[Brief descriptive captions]
↓↓↓
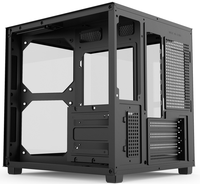 Chasis de PC para Juegos de Escritorio M-ATX de Torre Completa/Media, Popular, con Vista al Mar, OEM, con Vidrio Templado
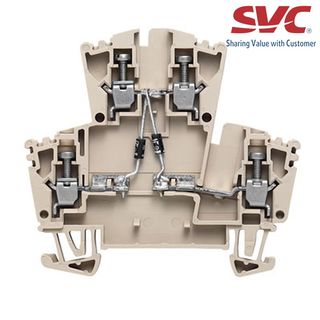 Cầu đấu dây Domino dạng bắt vít - WDK 25 2D 1A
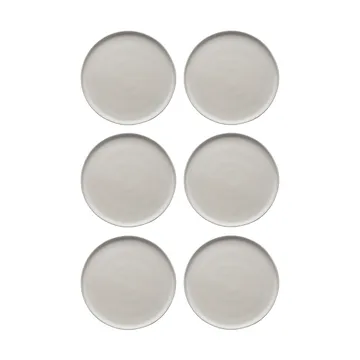 Sandsbro talerz offwhite, Ø26 cm, 6-pak - Scandi Living
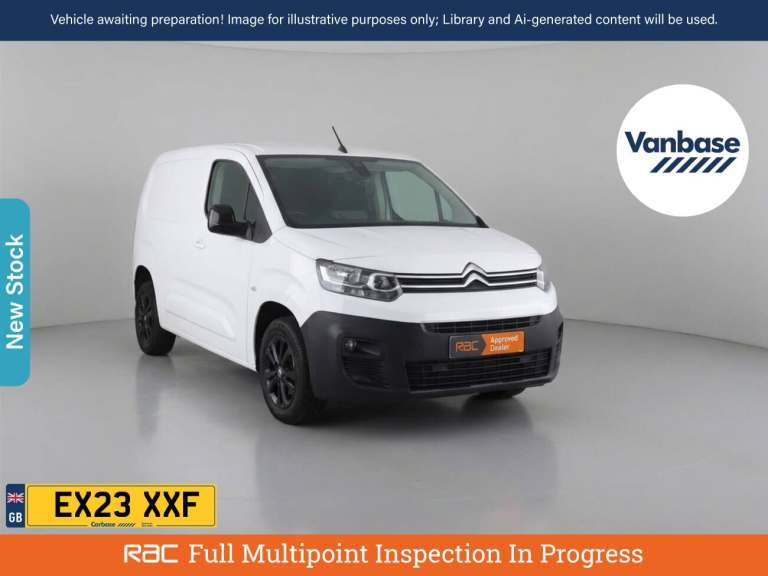 2023 Citroen Berlingo 1.5 BlueHDi 1000Kg Driver Ed 100ps 6 Speed [S/S] PANEL VAN DIESEL Manual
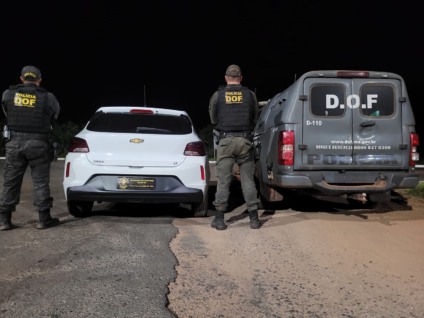 Condutor afirmou que receberia R$ 500 para entregar o veículo em Paranhos - Foto: Divulgação/DOF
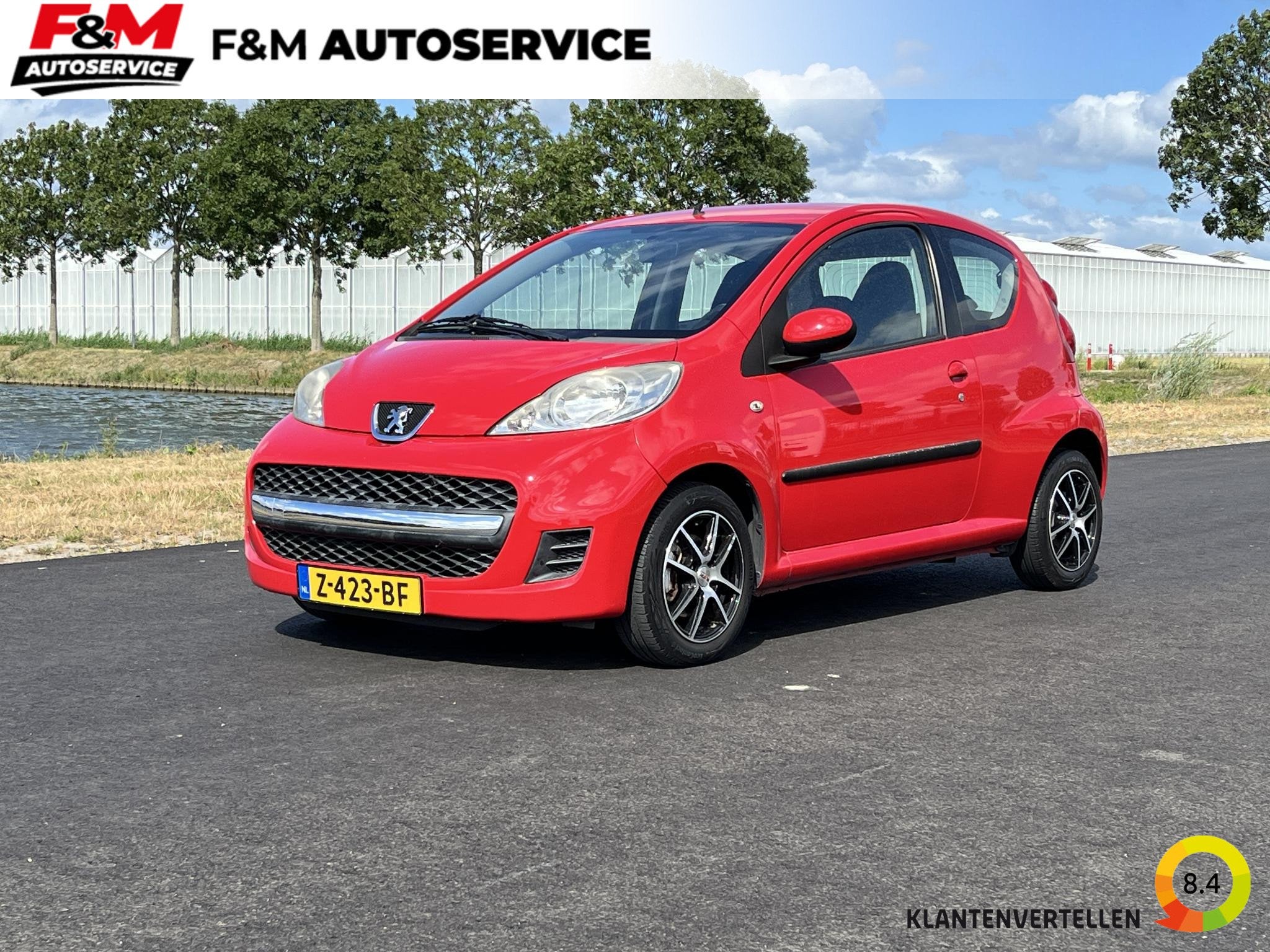 Peugeot 107 1.0-12V XS Automaat, airco, Auto's, Euro 5, Stof, Gebruikt, 4 stoelen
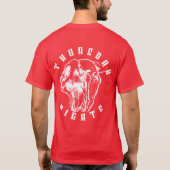 C - Rez Dog Tee Shirt - Rood (Achterkant)
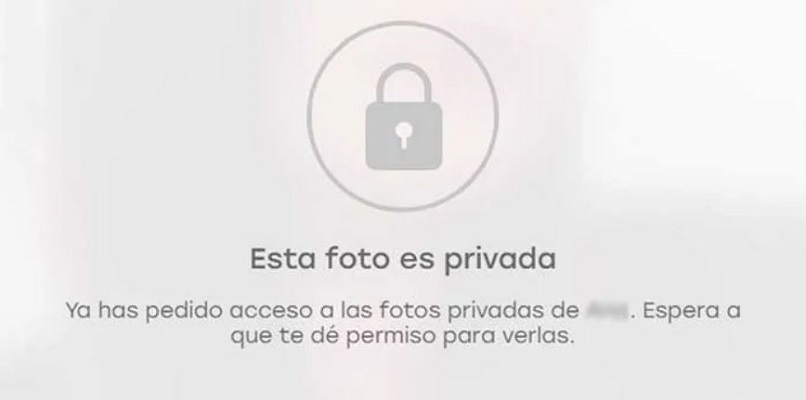 aviso de acceso denegado a fotos privadas de badoo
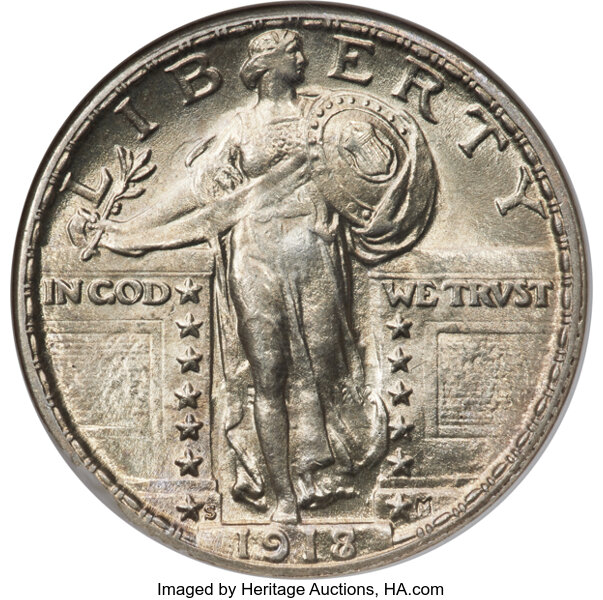 1918/7-S 25c Overdate, FS-101 MS FH thumbnail 2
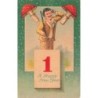 n°30294 - Carte Gaufrée - Nouvel An - A Happy New Year - Homme près de champignon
↑↑↑
● **What to produce**:
From the opening line of the entries above to the line containing "C - Rez Dog Tee Shirt - Rood (Achterkant)", please transcribe each line exactly, skipping every picture.

● **Answer section**:
 Chasis de PC para Juegos de Escritorio M-ATX de Torre Completa/Media, Popular, con Vista al Mar, OEM, con Vidrio Templado
 Cầu đấu dây Domino dạng bắt vít - WDK 25 2D 1A
 Sandsbro talerz offwhite, Ø26 cm, 6-pak - Scandi Living
 2023 Citroen Berlingo 1.5 BlueHDi 1000Kg Driver Ed 100ps 6 Speed [S/S] PANEL VAN DIESEL Manual
 Condutor afirmou que receberia R$ 500 para entregar o veículo em Paranhos - Foto: Divulgação/DOF
 Peugeot 107 1.0-12V XS Automaat, airco, Auto's, Euro 5, Stof, Gebruikt, 4 stoelen
 C - Rez Dog Tee Shirt - Rood (Achterkant)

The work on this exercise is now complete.